Liam Haskett

Personal information
- Born: 31 May 2001 (age 25) Perth, Western Australia
- Batting: Right-handed
- Bowling: Left-arm fast medium
- Role: Bowler

Domestic team information
- 2023/24: Western Australia
- 2024/25: Adelaide Strikers
- FC debut: 3 October 2023 Western Australia v Victoria

Career statistics
| Competition | FC | LA | T20 |
| Matches | 10 | 3 | 5 |
| Runs scored | 45 | 2 | 7 |
| Batting average | 5.62 | 1.00 | 7.00 |
| 100s/50s | 0/0 | 0/0 | 0/0 |
| Top score | 8 | 2 | 5 |
| Balls bowled | 1,640 | 120 | 96 |
| Wickets | 30 | 3 | 3 |
| Bowling average | 29.46 | 49.00 | 70.00 |
| 5 wickets in innings | 0 | 0 | 0 |
| 10 wickets in match | 0 | 0 | 0 |
| Best bowling | 3/12 | 2/72 | 2/43 |
| Catches/stumpings | 3/– | 1/– | 2/– |
- Source: CricInfo, 26 July 2026

= Liam Haskett =

Australian cricketer (born 2001)

Liam Haskett (born 31 May 2001) is an Australian cricketer who plays for Western Australia and Adelaide Strikers. He is a left arm fast medium bowler and right handed bastsman. He made his First-class cricket debut on 3 October 2023 against Victoria.

==Career==
Described as a tall left-arm quick capable of extracting significant bounce, Haskett featured for Claremont-Nedlands in grade cricket and took 21 wickets at an average of 19.62 during the 2022–23 season, leading to a call up to the Western Australia second-XI. He was awarded a rookie contract with Western Australia in May 2023.

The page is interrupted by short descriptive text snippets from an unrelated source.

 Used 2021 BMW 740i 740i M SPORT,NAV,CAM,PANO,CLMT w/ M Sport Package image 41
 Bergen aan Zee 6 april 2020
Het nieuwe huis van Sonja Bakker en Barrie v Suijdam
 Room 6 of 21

Haskett was brought into the Western Australia match day squad for their opening fixture of the 2023–24 Sheffield Shield season, at home against Victoria. He subsequently made his first-class debut in the match starting on 3 October 2023. His maiden wicket in first class cricket was Travis Dean in the Victorian first innings.

In December 2023, Haskett signed with the Perth Scorchers ahead of the 2023–24 Big Bash League season. In April 2024, he was upgraded from a rookie contract to a full contract with Western Australia.

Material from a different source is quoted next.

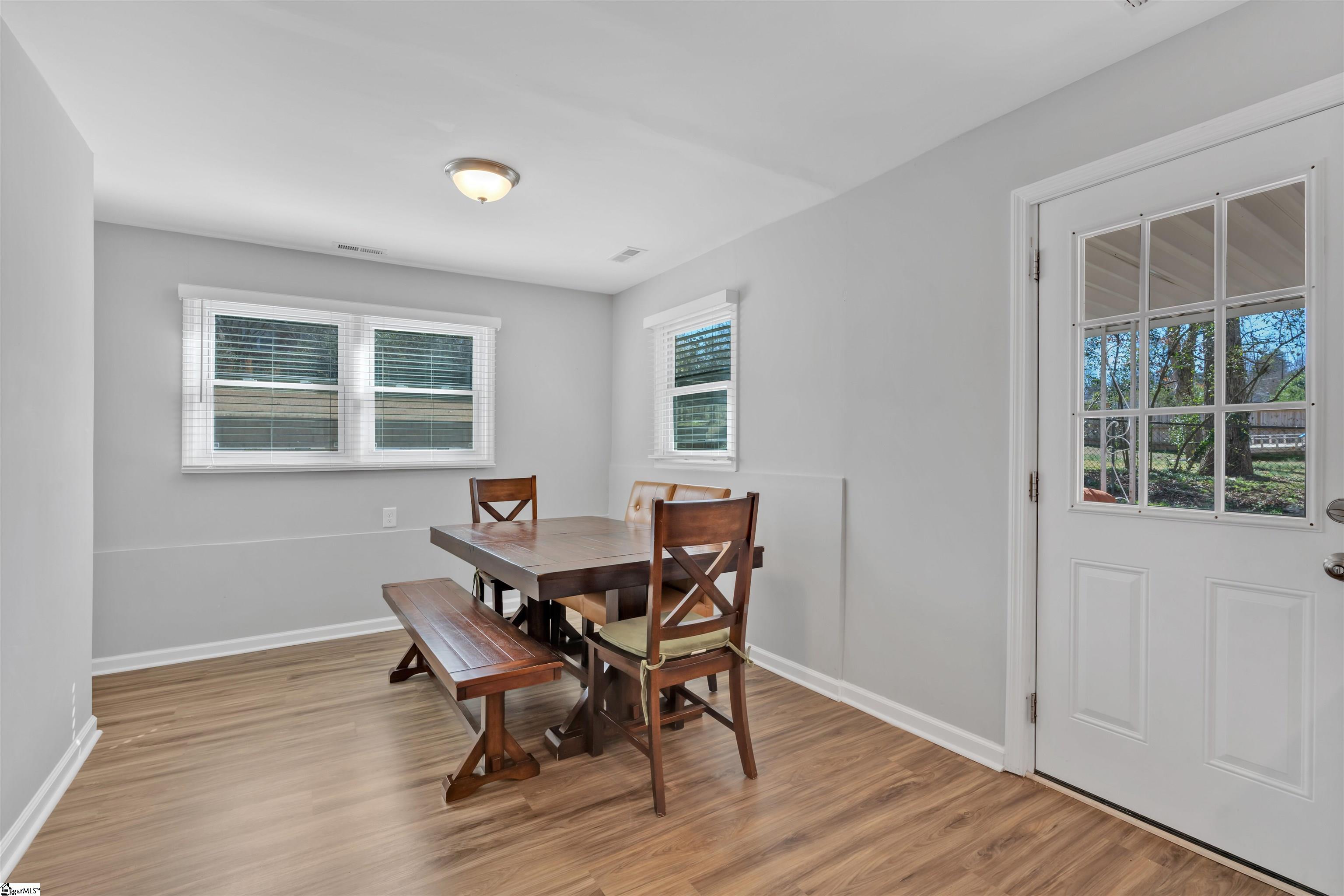 16 Flower Drive Greenville, SC 29605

Haskett joined the Adelaide Strikers for the 2024–25 Big Bash League season. He made his debut against Brisbane Heat on 11 January 2025.

==Personal life==
Haskett's father Lloyd Haskett is a former Australian rules footballer with Western Australian Football League (WAFL) clubs East Perth and West Perth.